C’est pourquoi, d’abord je prie Dieu afin qu’Il vous accorde la force de l’esprit et la bonne volonté requises pour accomplir votre tâche et faire avancer autant que faire se peut la cause de la paix, but ultime de tous vos efforts durant cette Session extraordinaire. Ainsi donc ma parole est une parole d’encouragement et d’espérance. Encouragement à ne pas laisser vos énergies s’affaiblir par la complexité des questions ou par les échecs du passé et du présent. Parole d’espérance parce que nous savons que seuls les hommes d’espérance sont à même d’avancer patiemment et tenacement vers les buts dignes des meilleurs efforts et vers le bien de tous.

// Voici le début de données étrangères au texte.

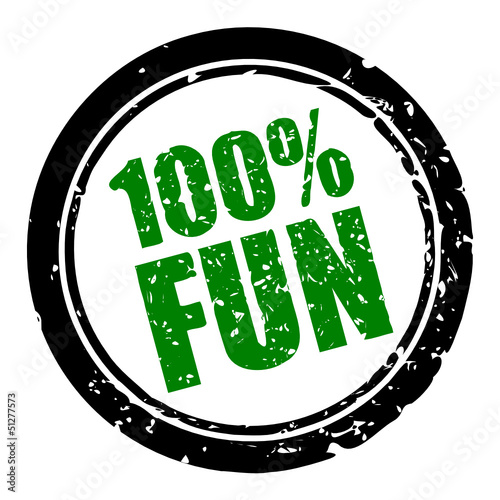 stempel rund 100% fun I photo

4. Peut-être que de nos jours, aucune question ne touche autant d’aspects de la condition humaine que celle des armements et du désarmement. Elle comporte des aspects scientifiques et techniques, des aspects sociaux et économiques. Elle inclut aussi de graves problèmes de nature politique qui touchent les relations entre Etats et entre peuples. Nos systèmes mondiaux d’armements influencent en outre dans une grande mesure les développements culturels. Couronnant le tout, interviennent les questions spirituelles qui regardent l’identité même de l’homme et ses choix pour le futur et pour les générations à venir.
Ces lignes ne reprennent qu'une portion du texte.